The passion and commitment of nearly 200 international leaders and the collective success of a three-year-old initiative might be one of the best examples of globalization in recent times.

Two weeks ago, I represented Canada at the Global Entrepreneurship Congress (GEC) in Shanghai. The GEC is an annual gathering of 105 Global Entrepreneurship Week (GEW) host countries – a powerful collective of organizations championing entrepreneurship around the world.

The GEW movement – co-founded by the U.S.-based Kauffman Foundation and the British-based Enterprise UK – reached 7.25 million people in 2010, with world leaders, iconic entrepreneurs, and media all taking notice.

This year's discussion went far beyond the cultural shifts in our own countries and on to something more globally profound: the possibility of a human endeavour for the benefit of all.
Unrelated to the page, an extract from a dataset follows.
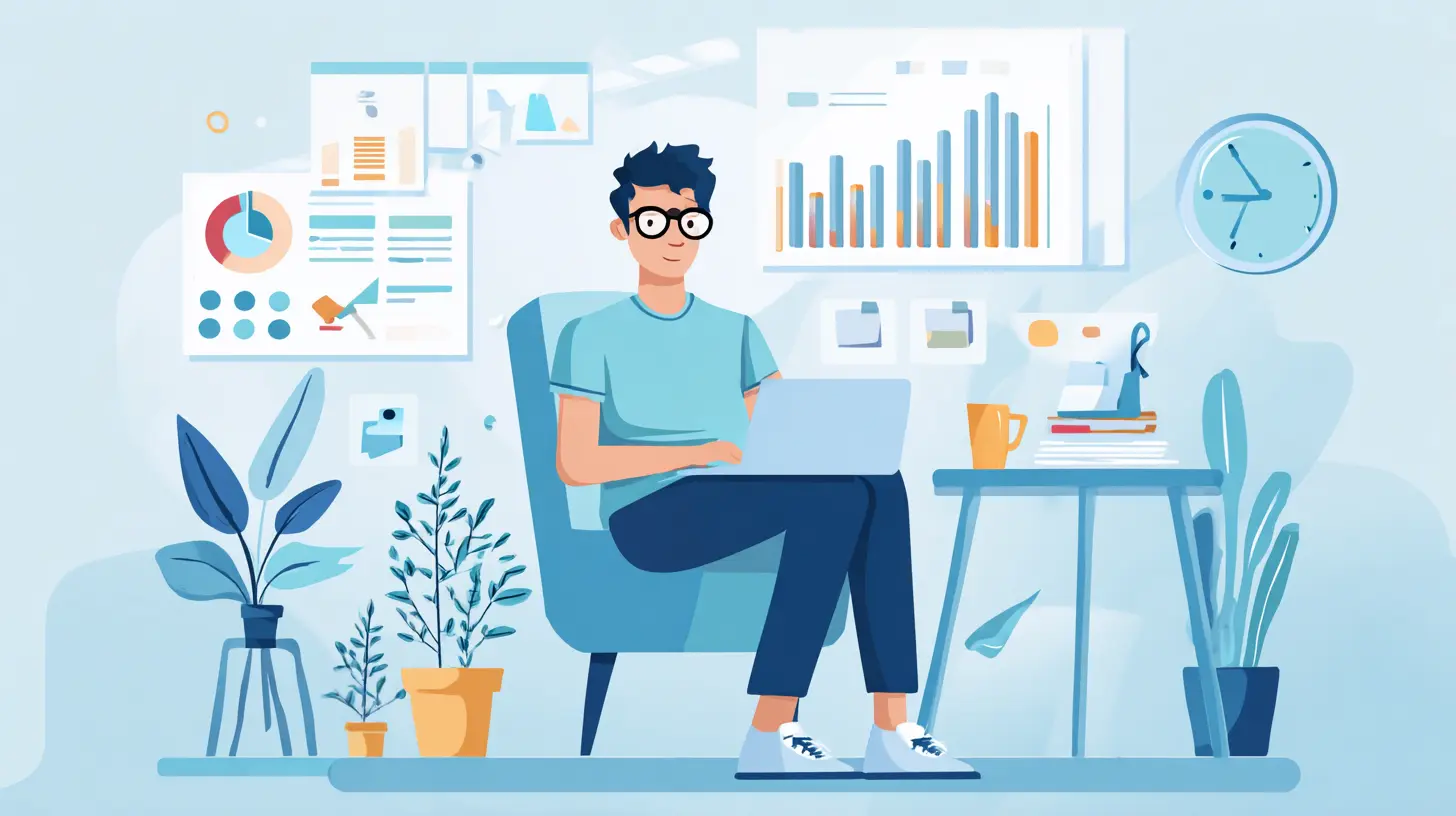 Proven Strategies for Hiring the Right Talent in a Remote Environment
As the CEO of the Canadian Youth Business Foundation (CYBF), organizer of Global Entrepreneurship Week Canada, I have the privilege of getting up close and personal with the next generation of transformative Canadian talent that comes through CYBF's doors armed with brilliant business ideas and desperate for start-up support.

The GEW 2010 campaign shifted from spreading the word of the benefits of a more entrepreneurial culture to the measurable outcomes and impact of start-ups. There were discussions about setting a global goal of stimulating a half-billion young people to consider entrepreneurship, some impactful stuff.

The fact the GEC was held in Shanghai was a fitting display of new enterprise as a critical global movement, and the key to prosperity and job creation. It was astounding to hear the keynote address delivered by Ms. Li Yandong – a senior member of the Communist Party of China Central Committee – focus on the importance of entrepreneurship education in universities and the need to support new start-up enterprises.

She even cited a target of having 2,000 incubators linked to universities in China.

In Canada, despite all the work that has been done, we cannot rest on our laurels. The federal government's recent declaration of 2011 as the Year of the Entrepreneur was a giant leap forward in acknowledging the importance of the small-business sector. Incubators such as the Ryerson Digital Media Zone in Toronto and the University of Waterloo's VeloCity are hotbeds of innovation paving the way for other universities and colleges to follow suit.

Universities are now offering degrees in entrepreneurship. Advancing Canadian Entrepreneurship (ACE) has a presence in nearly every university and college in the country. There is a tremendous benefit to catalyzing an ecosystem of entrepreneurship in Canada in a unified cause.

Any nation would benefit from a more entrepreneurial culture, and they all stand to gain from a more entrepreneurial world. But in order to do that, we have to work collectively to create a culture in which failure is a rite of passage, and we must allow entrepreneurs to learn quickly, pick up and start again. It's the only way that Canada will be able to embrace wealth creation as a forum that benefits all.

Vivian Prokop is the CEO of the Canadian Youth Business Foundation, an organization dedicated to youth entrepreneurship, which provides character-based financing and business mentors to launch and sustain successful companies.